Let me begin by saying, I have a deep and abiding faith in and love for God. I cannot remember a time in my life when that has not been true although today it is a faith that has been tested and so is stronger and certainly more grounded than it was when I was first married or even the mother of teenagers. It is definitely less idealistic today than the untested childlike faith I had in a Jesus who loves me and a God who would never let me go. I wish I could claim my love for the Church has never wavered but sadly, my love for and confidence in the Church has taken a beating over the past decade. Yet, I am finally beginning to understand how impossible it is to effectively love others if we (the Church) do not first, sincerely, love ourselves. Having said that, I am grieved by how far away from love parts of the Body have wandered. With this in mind I write my letter.
Let me just jump in with both feet. I am concerned about the relationship between the Church and LGBT people. In the name of full disclosure, I should tell you, my son is gay. He has been gay his whole life but he revealed this truth to me, to our family, a little over four years ago. Obviously the timing of this letter has less to do with my son’s “coming out” than the SCOTUS decision to affirm the rights of same-sex couples to marry, yet my son’s experience of organized religion is ultimately my motivating factor.
While Friday June 26 was a good day for US civil rights and I am personally happy for my son, it was not such a great day for the Church. Prior to and in the wake of the SCOTUS announcement various Church leaders shook their fists, spewed dire warnings about the end of the world, and called down hell fire and damnation on LGBT people and their allies. Eventually, cooler heads prevailed and today other than a few die hard fist shakers, most Church leaders have begun to urge their followers to take the higher ground and love “them” while holding firm to their “faith”, an attitude that at least on the surface seems more decorous. Others, like Christopher Page, are my true heroes in this conversation. Page gently promotes a perspective that might actually cause people to look rationally at how the SCOTUS decision impacts them. And while I obviously hope more people read his post, I have a more urgent plea, not as much for the general populous, as for leadership.
When my son finally said those words to me, “Mom, I’m gay.” I was grieved—NOT by what he was confessing but by what I understood in that moment about how difficult it was for him to admit it.

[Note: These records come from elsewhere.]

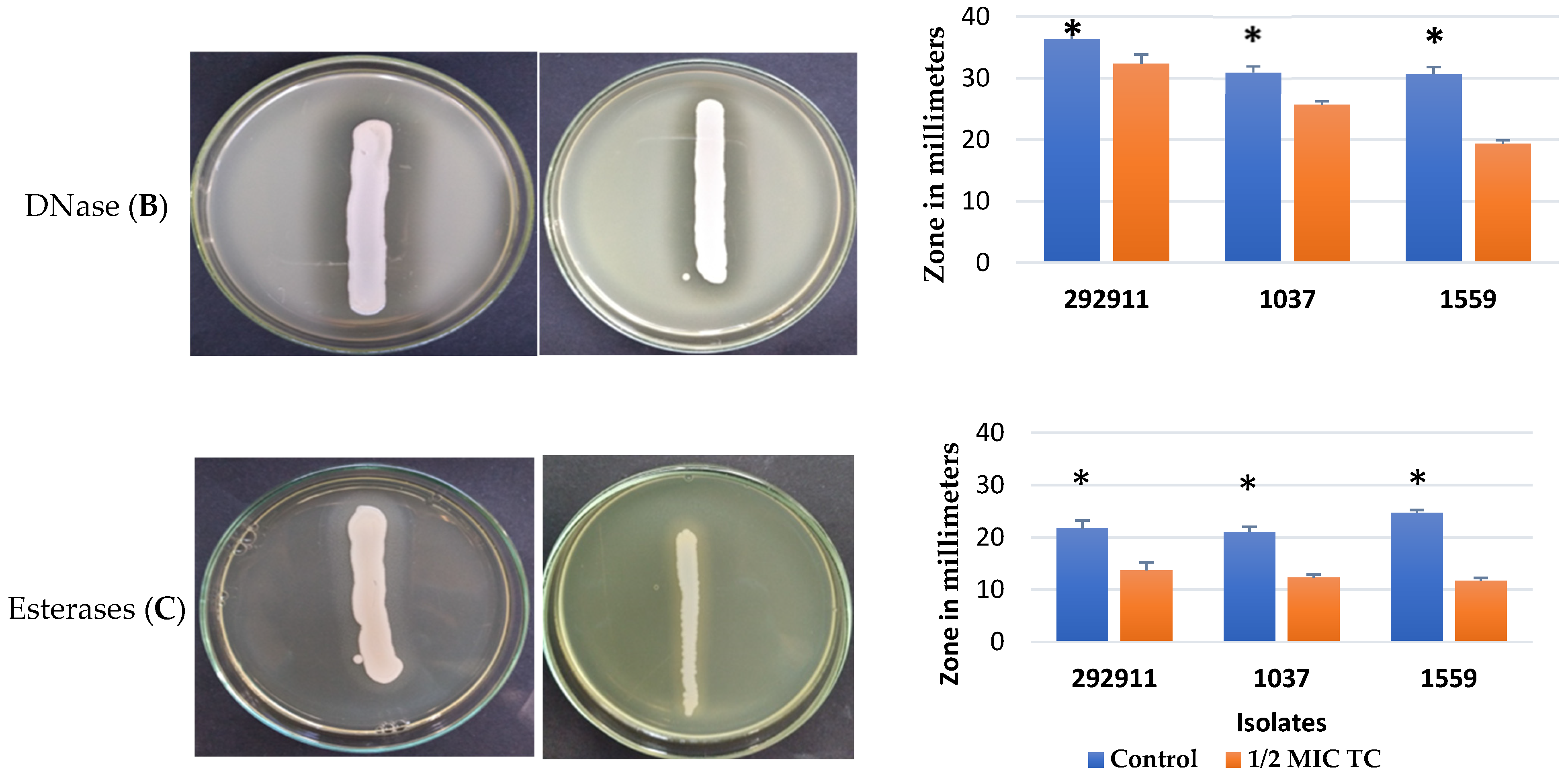 Pathogens 15 00271 g002b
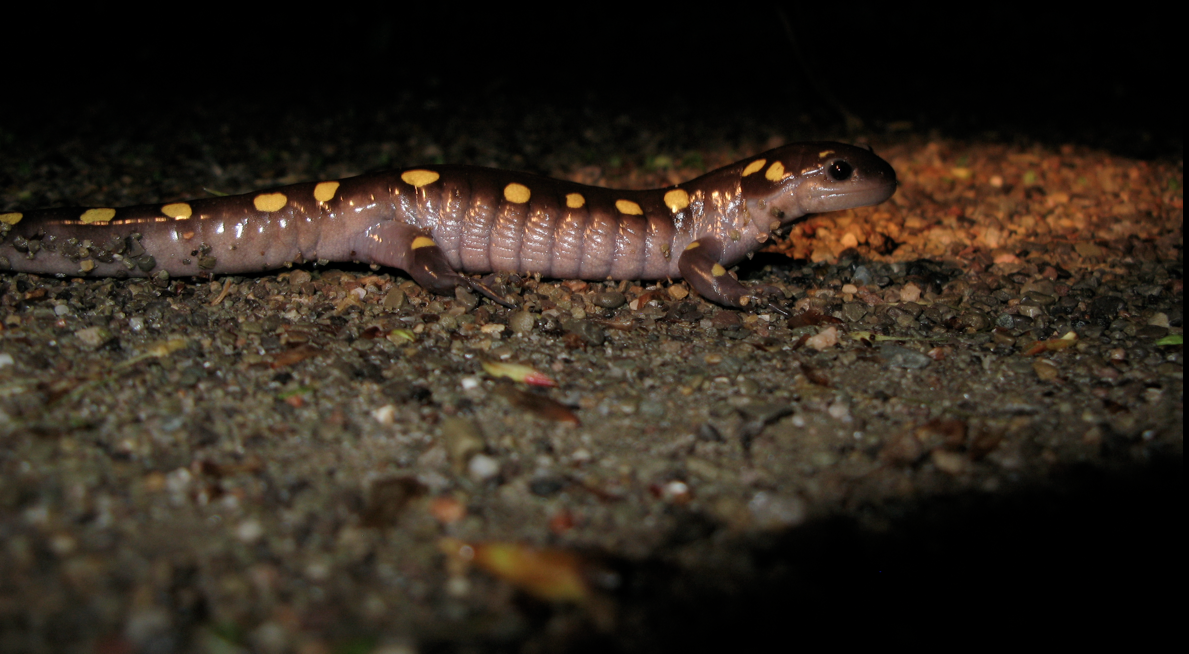 A Tale of Two Amphibians: Urban Landscapes Differentially Impact Gene Flow
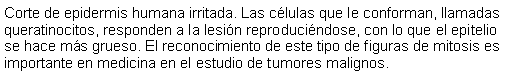 Cuadro de texto: Corte de epidermis humana irritada. Las clulas que le conforman, llamadas queratinocitos, responden a la lesin reproducindose, con lo que el epitelio se hace ms grueso. El reconocimiento de este tipo de figuras de mitosis es importante en medicina en el estudio de tumores malignos. 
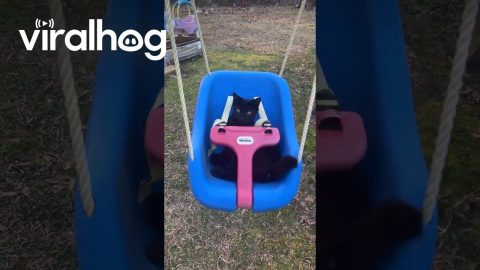Black Cat Swings in Bucket Seat || ViralHog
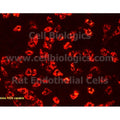 Rat Primary Bladder Microvascular Endothelial Cells – Figure 1 of 1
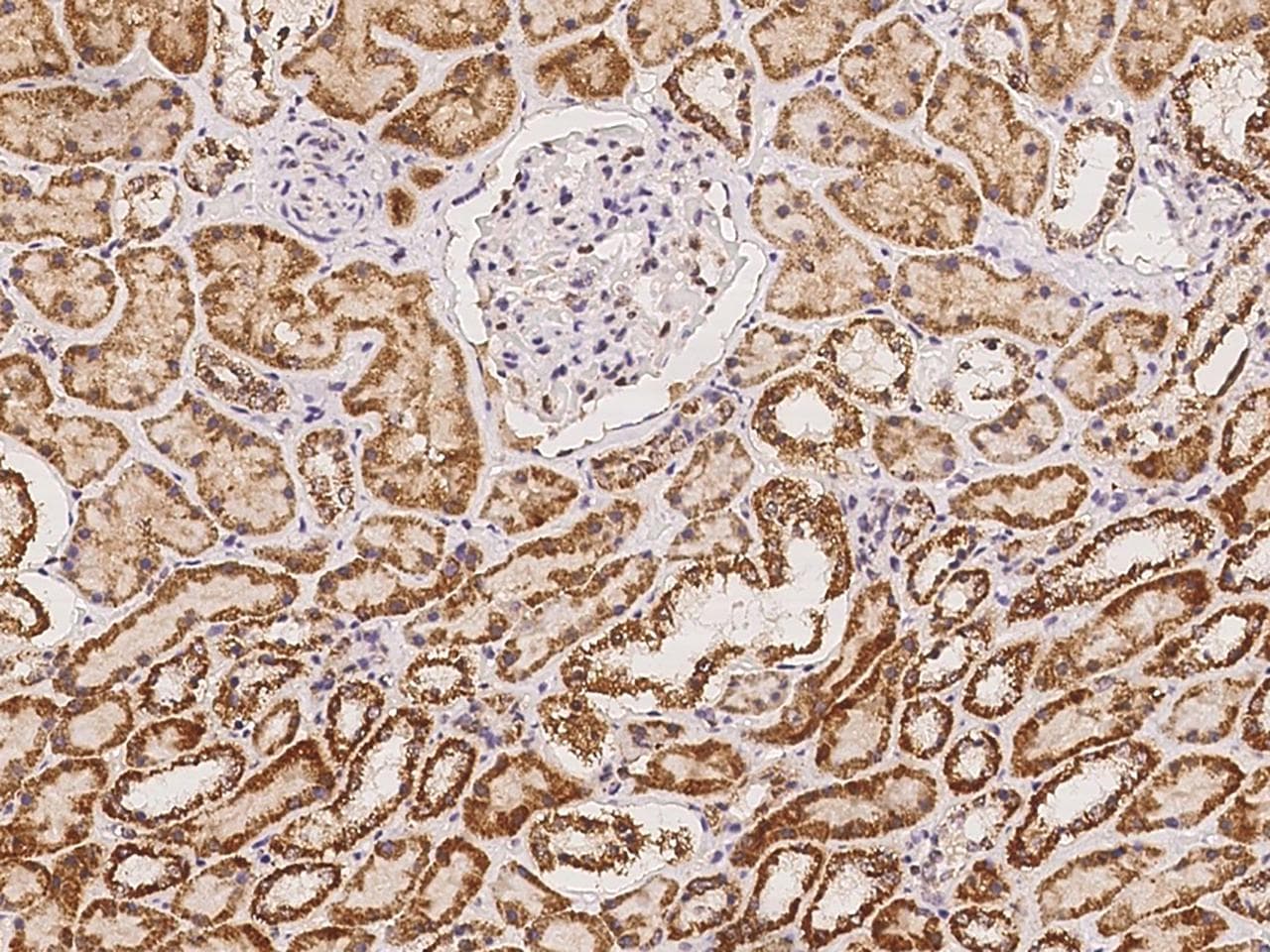 CDC42EP2 Antibody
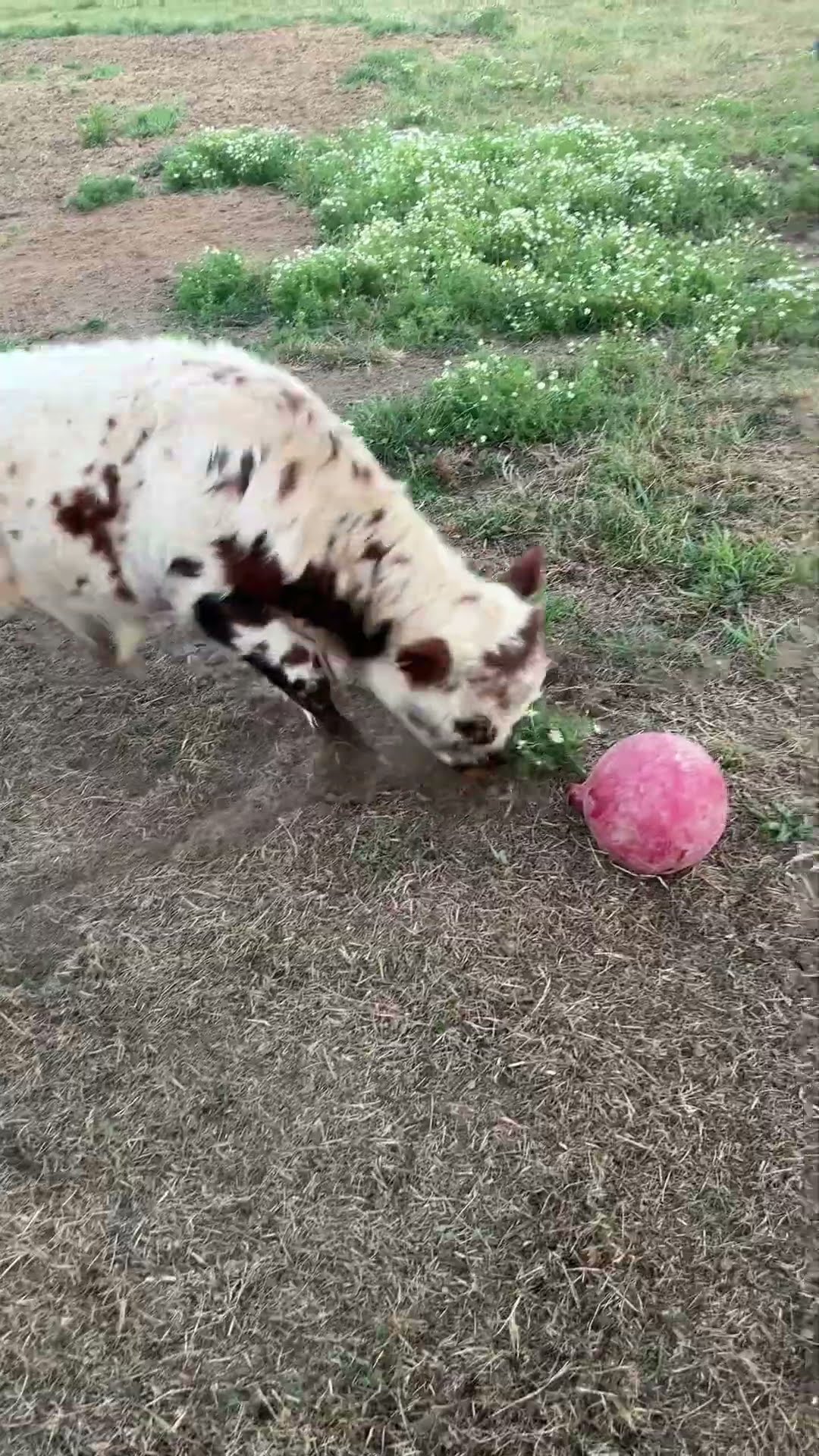 Calf Plays with their Favorite Ball || ViralHog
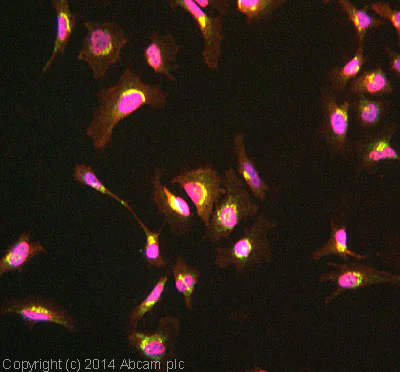 Immunocytochemistry/ Immunofluorescence - Anti-PIST antibody [EPR4079] - BSA and Azide free (AB247768)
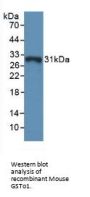 Glutathione S Transferase Omega 1 (GSTo1) Antibody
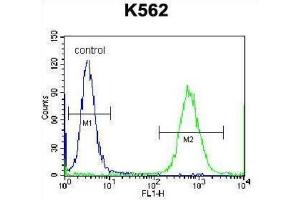 Flow Cytometry (FACS) image for anti-Cardiotrophin 1 (CTF1) antibody (ABIN2998336) (Cardiotrophin 1 Antikörper)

I had watched him struggle in the months prior. I had suspected what he struggled to say. But honestly I had no idea. I did not realize, at first, that my son had already spent countless hours begging God to change him, to take the gay away. I did not yet know that he had gone through years of shame and self-loathing. I was ignorant of the fact that he tried to force himself to be attracted to girls, like his friends, and his brothers, and his father, and his role models, and his pastors; and felt like a failure. I didn’t understand because he was afraid to tell us, worried he might be rejected by his family and his fellowship, afraid that if he was found out he might end up homeless, hated, and alone.
His struggle literally made him sick, so sick we had to pull him from school the end of his sophomore year. My son, that beautiful brown-eyed boy who loved to dance before the Lord in worship, even contemplated ending his life. He actually wondered if it would be better to be dead than admit to his friends and family he is gay. Mind you, all of this was BEFORE he ever acted on his same-sex attraction. I am exceedingly glad he decided to risk sharing his secret with us—face to face—rather than in a suicide note.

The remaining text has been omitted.